■ WHAT IS REQUIRED
Down to the last line, set down the material below exactly; skip the pictures.
[RECORDS PROVIDED — start]
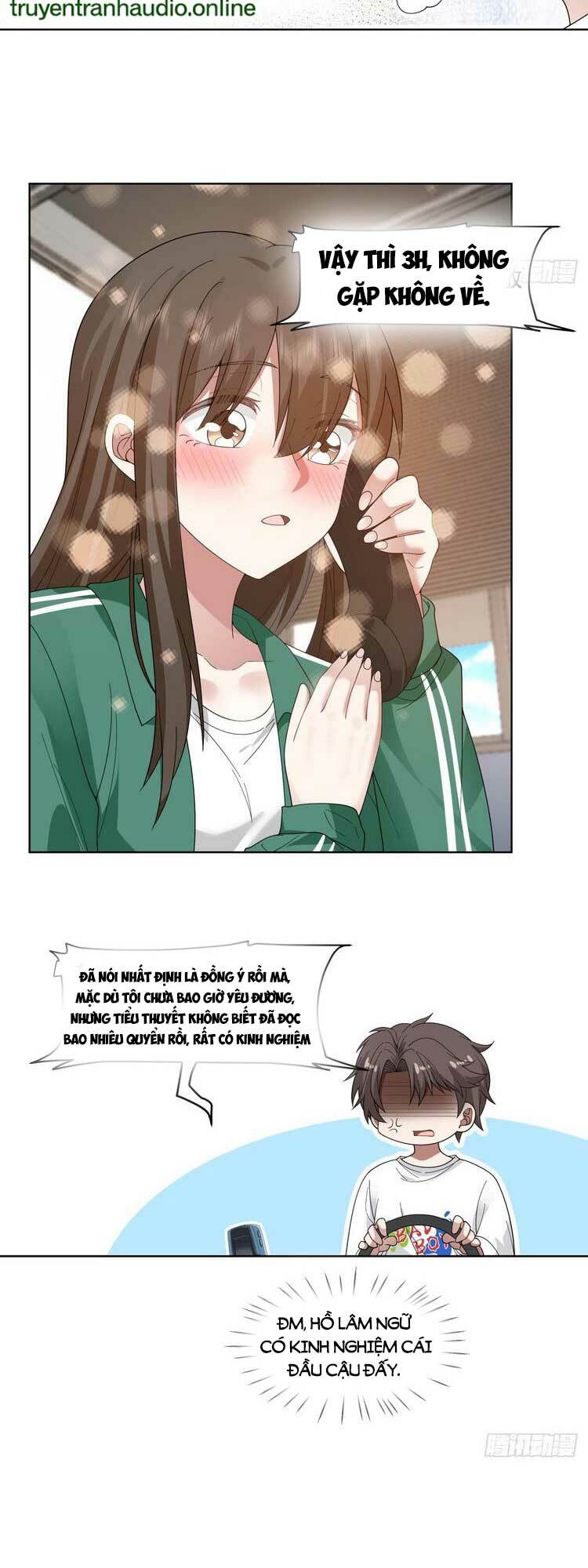 Ta Không Muốn Trùng Sinh Đâu Chapter 123 - Trang 2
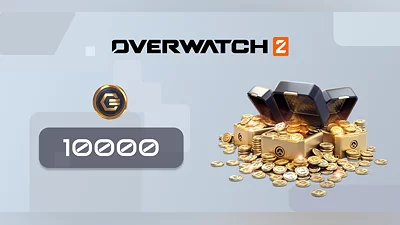 Overwatch 2 10000 Coins (Xbox One) [Global] [Standard]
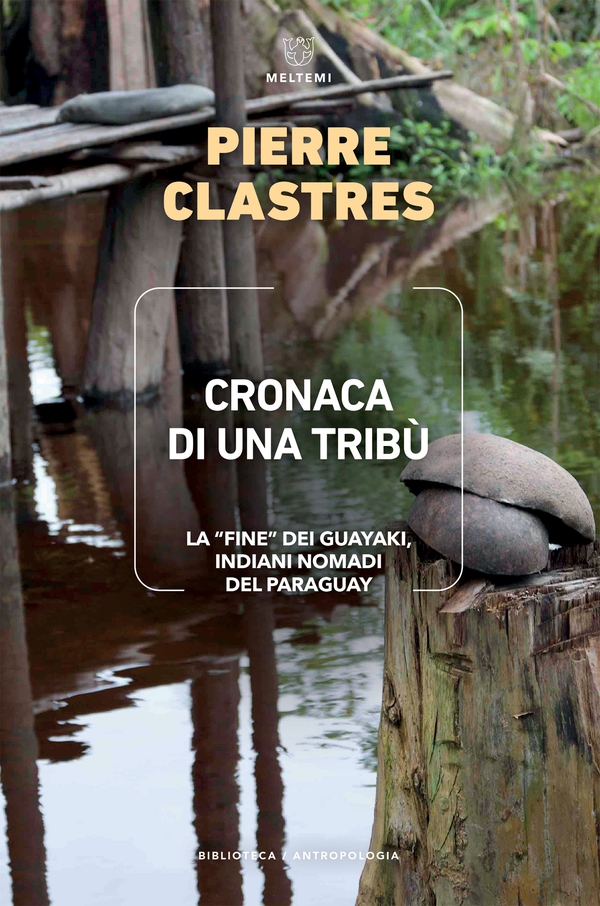 Cronaca di una tribù - Librerie.coop Cronaca di una tribù - Librerie.coop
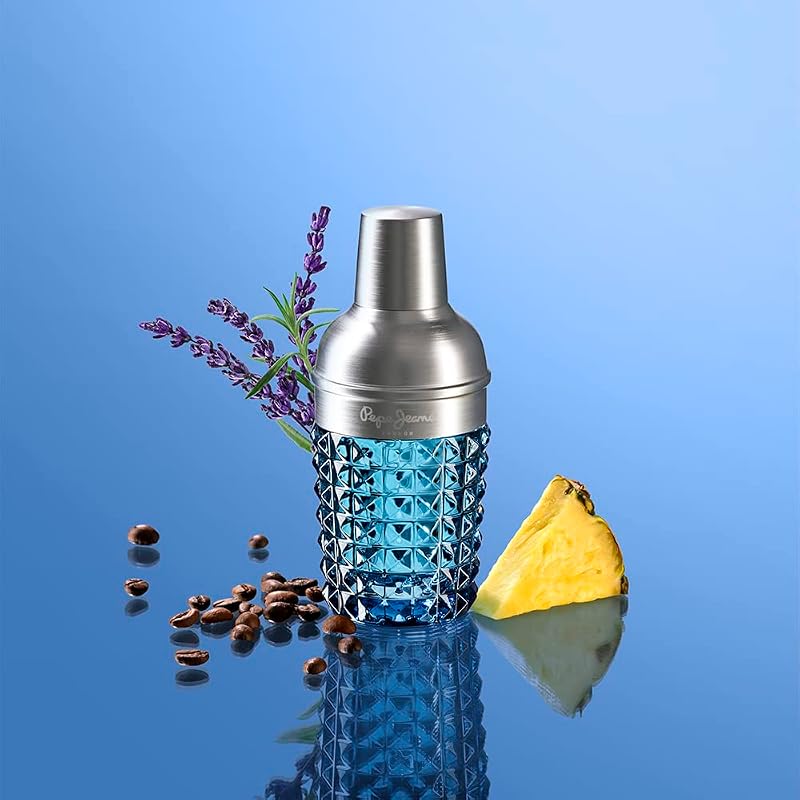 Life Is Now For Him Perfumes Hombre Estuche 3 Piezas — foto 3 de 5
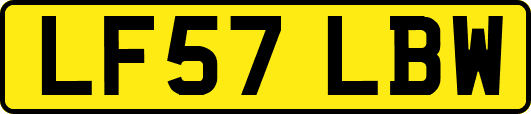 LF57LBW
[RECORDS PROVIDED — finish]
■ WRITTEN ANSWER
 Ta Không Muốn Trùng Sinh Đâu Chapter 123 - Trang 2
 Overwatch 2 10000 Coins (Xbox One) [Global] [Standard]
 Cronaca di una tribù - Librerie.coop Cronaca di una tribù - Librerie.coop
 Life Is Now For Him Perfumes Hombre Estuche 3 Piezas — foto 3 de 5
 LF57LBW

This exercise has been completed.